====== INPUT DATA ======
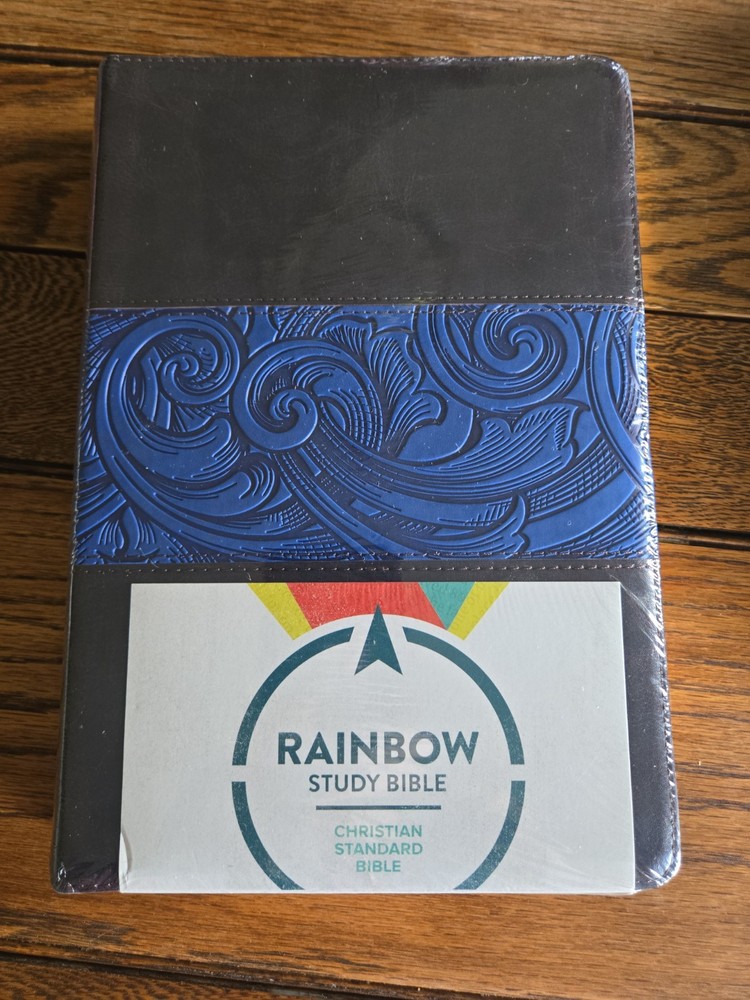 Holman Rainbow Study Bible CSB Leather Touch Brown Blur NEW Color‑Coded Study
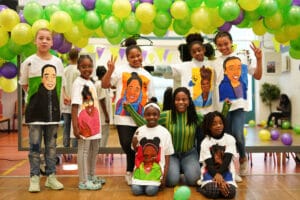 Identity Painting Workshop in jeugdcentrum Anansi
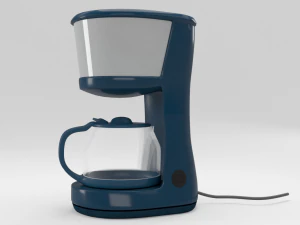 metal coffee maker 3D Model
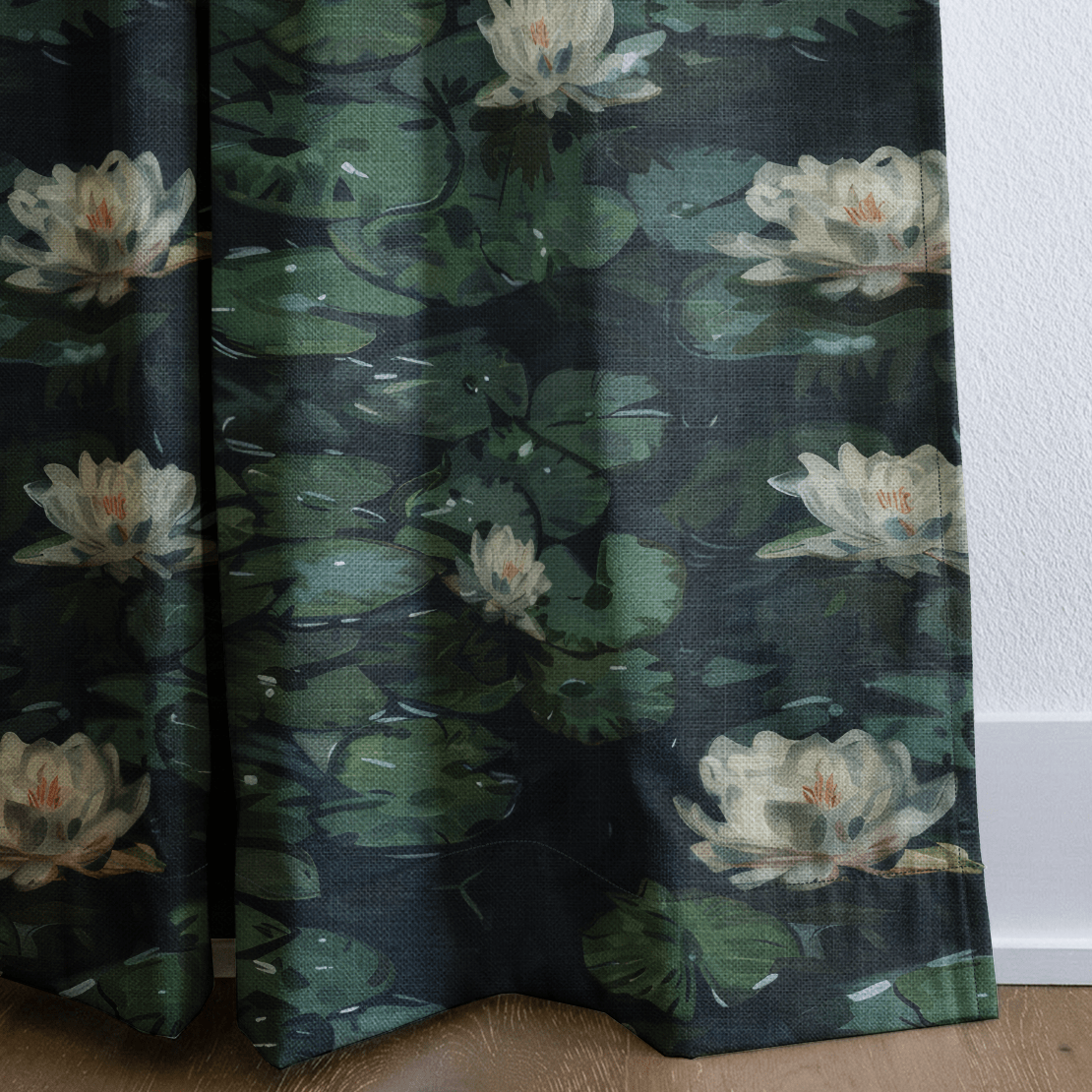 Milton Lillies - Curtain Panel - The Drapery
======
* [TASK DIRECTIONS] Please repeat every line of the material above exactly and without its pictures.

* [RESPONSE BELOW]
 Holman Rainbow Study Bible CSB Leather Touch Brown Blur NEW Color‑Coded Study
 Identity Painting Workshop in jeugdcentrum Anansi
 metal coffee maker 3D Model
 Milton Lillies - Curtain Panel - The Drapery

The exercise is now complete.